Hill House - Review of the new Netflix series directed by Mike Flanagan

Hill House - Review of the new Netflix series directed by Mike Flanagan

Mike Flanagan is now to be considered one of the most valid horror directors today. After his debut in the independent circuit with Absentia (2011), the director made his international debut with critical acclaim Oculus (2013). 2016 saw him director of three full-length films: the brilliant thriller Hush, the little horror disappointment Somnia and the great prequel to the bad Ouija (2014) Ouija - The Origins of Evil. His partnership with the "King of Streaming" Netflix has a happy start, thanks to the brilliant adaptation of Gerald's game by Stephen King (whose sequel to Shining, Doctor Sleep, nda), which today leads him to direct for the platform The Haunting of Hill House , a free serial adaptation of the cult novel of the same name Shirley jackson.

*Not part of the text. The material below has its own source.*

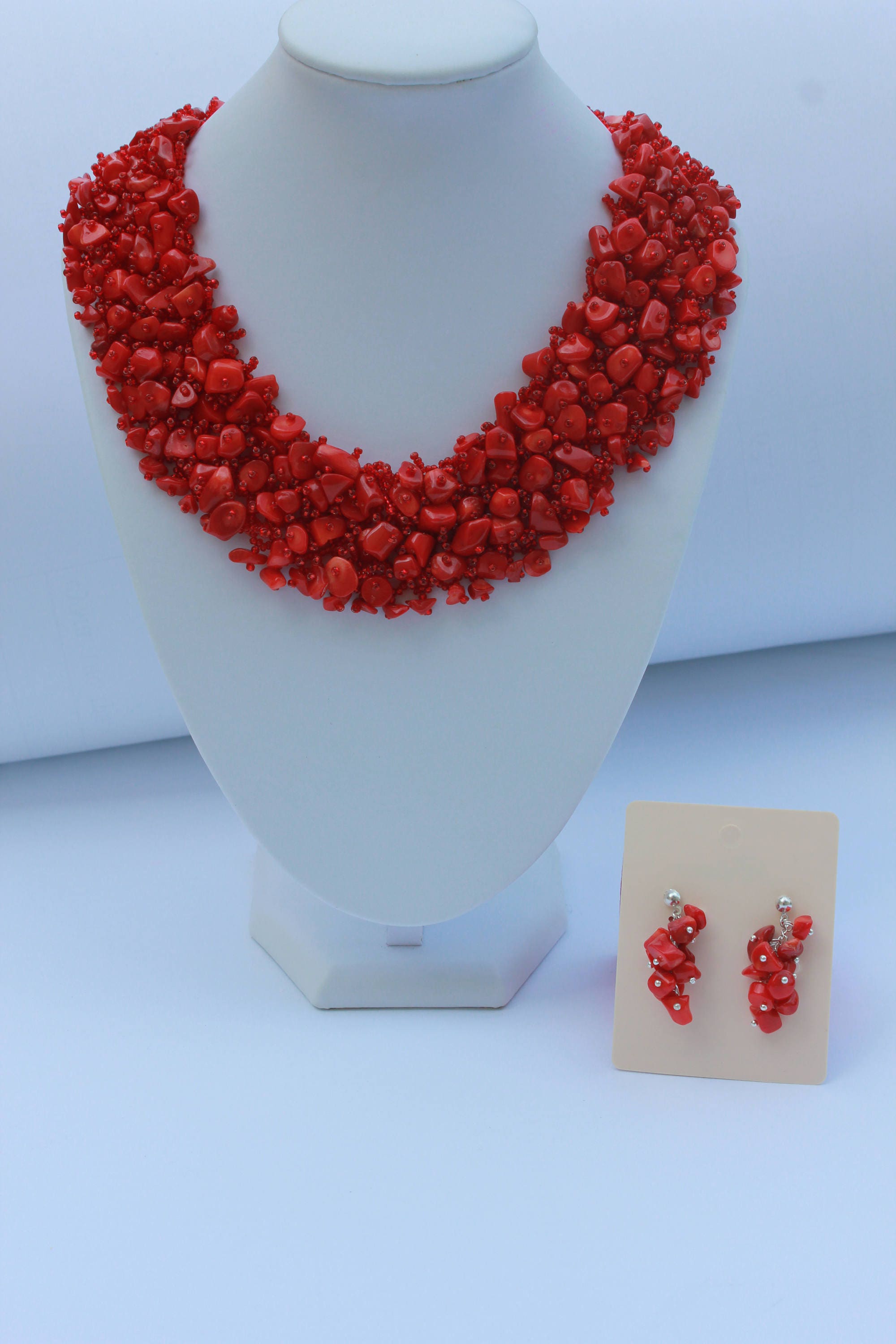 Red beaded necklace with Raw crystals  personalized birthday gifts for her, red coral beaded collar necklace, gift for mom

Hill House - Review of the new Netflix series directed by Mike Flanagan

A little look at the plot

Hill House tells the story on two timelines (1992 and 2018) of the Crain family. In the past, Hugh (Henry Thomas) and Olivia "Liv" Crain (Carla Gugino) live temporarily in the large Hill House with their five children (Steven, Shirley, Theodora and the twins Luke and Eleanor) to arrange it for future buyers. Right from the start, however, the children are witnesses to mysterious events and disturbing visions, which will force them to flee the house after the apparent and mysterious suicide of their mother.

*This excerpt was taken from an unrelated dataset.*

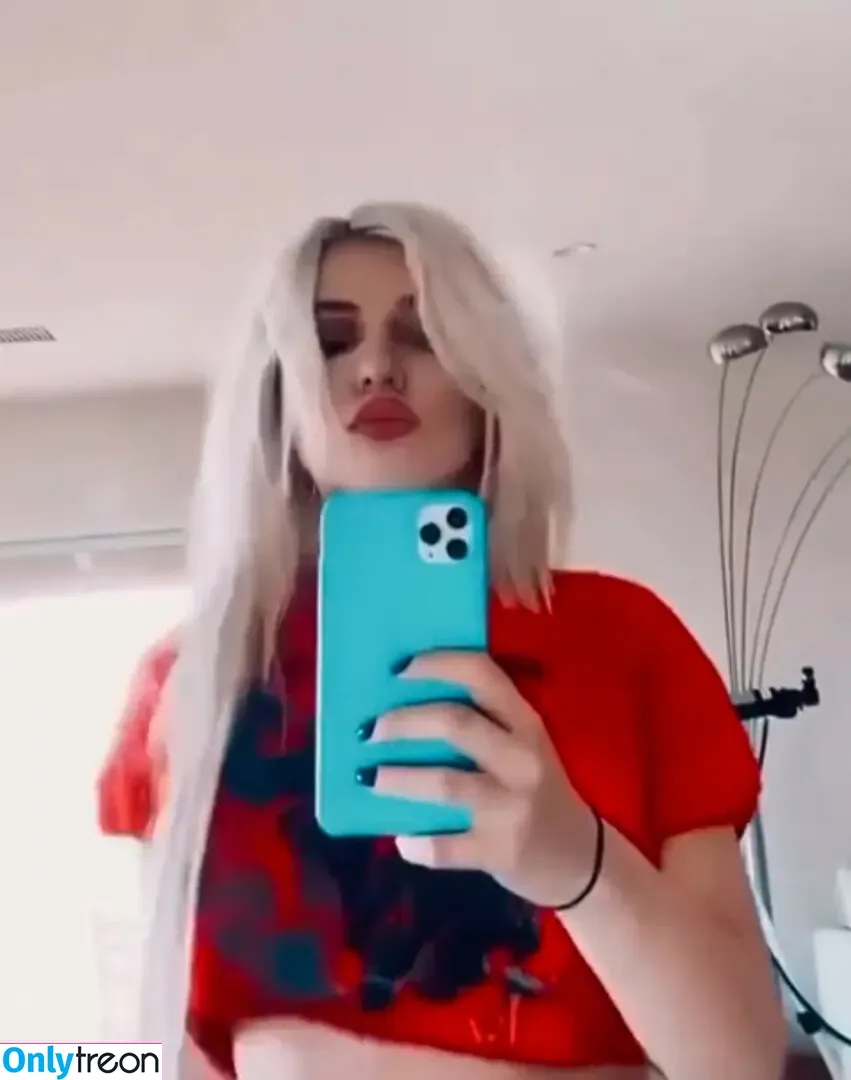 Ava Max nude photo #2034 (avamax / plharleyquinn)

Twenty years later, the five now adults live disastrous or unsatisfactory lives, tormented by visions of the past and the inexplicable fate of their beloved mother: Steven (Michiel Huisman) is a cynical ghost book writer who made his fortune by putting his experience at Hill House on paper, Shirley (Elizabeth Reaser) is a control freak who runs a funeral home with her husband, Theodora (Kate siegel, wife of the director nda) is a child psychologist withdrawn into herself, Luke (Oliver Jackson-Cohen) is a perpetually relapsing drug addict and Eleanor (Victoria Pedretti) brings with him the hideous visions of the house in the form of night terrors. When tragedy strikes the family again, the brothers will have to come together and reunite with their father Hugh (Timothy Hutton), excluded from the life of their children who lives with a heavy secret, to finally face their demons and find out what really happened in that damned house over twenty years ago.



Analysis of the work

Haunting Hill is to be considered Flanagan's magnum opus: in a self-concluding series of just 10 episodes, theThe American director inserts everything he has learned and produced in almost 10 years of activity in the cinema of horror, starting with the sumptuous cast composed of actors from previous films of his filmography (Carla Gugino and Herny Thomas from "Gerald's Game", wife Kate Siegel from "Hush", Elizabeh Reasher from Ouija - The origins of male), but also the methodical and surgical construction of a space of gray and melancholy horror, the skilful editing between past and future, the scenography like Poe and psychedelic images and sounds like Lovecraft (unlikely not to find references to The Topi in the Walls nda) and much more.


Hill House - Review of the new Netflix series directed by Mike Flanagan

Mike Flanagan takes numerous liberties with the reference work (already adapted for the big screen with the classic of 1963 and with the pathetic remake of 1999) transforming the element of the study of the paranormal present in the book into a family drama a la Hal Ashby with phantasmagoric hues. The first half of the series exhausts each member of the family, their phobias and manias, the mistakes and traumas of the past, seasoning them with gruesome visions between the real and the paranormal. Is what they see real or an image of the mind that "overflows" in today? It is a slow conflagration, that of Hill House, which turns its focus not so much to a construction of fear, as to a skilful increase in the viewer's pathos, in a dimension of psychological terror and sentimental involvement: more than frightening Hill House makes you cry, thinks about issues such as family union, fraternal relationships and the power of love in the face of life's adversities. Said so it may seem dull and inconsistent with a horror story, but for lovers of the genre Hill House is an unmissable series, which highlights the potential of horror in the serial production system. Seeing is believing.